> Oh, I get it. Scenix is a device, not an operating system. ;-) It just
> sounds like another UNIX.
>
Heh.. I never noticed that. I can see where it would be confusing... ;-)
> > No Data Stack. (Passing variables to a subroutine is tricky for the
> > compiler and steals some of your RAM variable space.)
>
> Sounds like the 8051 C compilers.
>
> > Very limited RAM memory (don't even think of an array in RAM!,
> > like a pre-buffer for mixing!)
>
> Like the 8051!
>
Sorta. It's definately similar in the "it's a microcontroller" sense, but
memory is organized differently and the Scenix/PIC instruction set is really
different. (More RISC vs. the 8051's relative CISC-ness. Table lookups are
really shitty on small PIC type cores. You basically JSR to a byte that
loads the work register and then the next table entry is an RTS. Ugly.
Luckily this app won't need to do it except for addressing the samples in
memory...)
> It could do on-the-fly mixing. There's no reason to have a post-mix
> buffer.

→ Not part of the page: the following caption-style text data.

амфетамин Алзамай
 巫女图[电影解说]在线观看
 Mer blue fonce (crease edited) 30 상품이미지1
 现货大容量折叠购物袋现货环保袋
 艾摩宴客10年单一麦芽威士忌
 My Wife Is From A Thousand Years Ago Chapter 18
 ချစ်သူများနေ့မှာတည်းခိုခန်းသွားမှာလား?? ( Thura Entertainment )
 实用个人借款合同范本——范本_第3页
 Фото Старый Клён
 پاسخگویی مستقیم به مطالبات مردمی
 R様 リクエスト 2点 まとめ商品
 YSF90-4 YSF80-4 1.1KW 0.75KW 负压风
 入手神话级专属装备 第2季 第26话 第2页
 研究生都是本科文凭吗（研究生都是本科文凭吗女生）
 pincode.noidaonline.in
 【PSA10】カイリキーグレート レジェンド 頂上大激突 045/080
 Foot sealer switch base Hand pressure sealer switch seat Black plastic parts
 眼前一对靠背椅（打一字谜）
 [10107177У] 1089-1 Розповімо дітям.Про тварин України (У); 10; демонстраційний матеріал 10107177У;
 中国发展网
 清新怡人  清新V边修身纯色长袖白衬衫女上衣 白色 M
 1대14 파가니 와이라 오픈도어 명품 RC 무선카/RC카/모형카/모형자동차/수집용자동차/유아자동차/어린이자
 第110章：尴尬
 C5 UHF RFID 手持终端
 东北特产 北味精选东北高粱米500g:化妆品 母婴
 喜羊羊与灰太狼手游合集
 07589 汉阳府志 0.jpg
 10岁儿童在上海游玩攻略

The only reason that's done now is because that's what all OS's
> want. A simple add+add+add+add+add/clip would work nicely (and does, I
> might add).
>
Yep. That's all the more I was thinking. (Hence the larger 10-12 bit DAC
"accumulator" from 8-bit samples.) I'm printing the Toshiba Smart Media
card datasheet as we speak to make sure I can pull data fast enough on the
fly. If not, a RAM buffer would be necessary which would pretty much
totally negate the benefit of the Scenix and I might as well just stick a
AD2181 DSP down...
> Why not use a Dallas 320? They're 3 clock and go up to 40MHZ! I don't know
> about pricing, though. We'd have to bankswitch the snot out of things, but
> I don't think it's all that evil.
>
Any fast little micro could probably pull it off. I picked the Scenix
'cause it's a good excuse to play with it and I already know the PIC
architecture well-- it also has CPU to burn (50 MIPS at 50MHz) so
bit-banging a DAC and talking to the serial access SmartMedia card is just a
"virtual peripheral" type of function. All the code and data memory is
internal and they're flash programmable which is nice.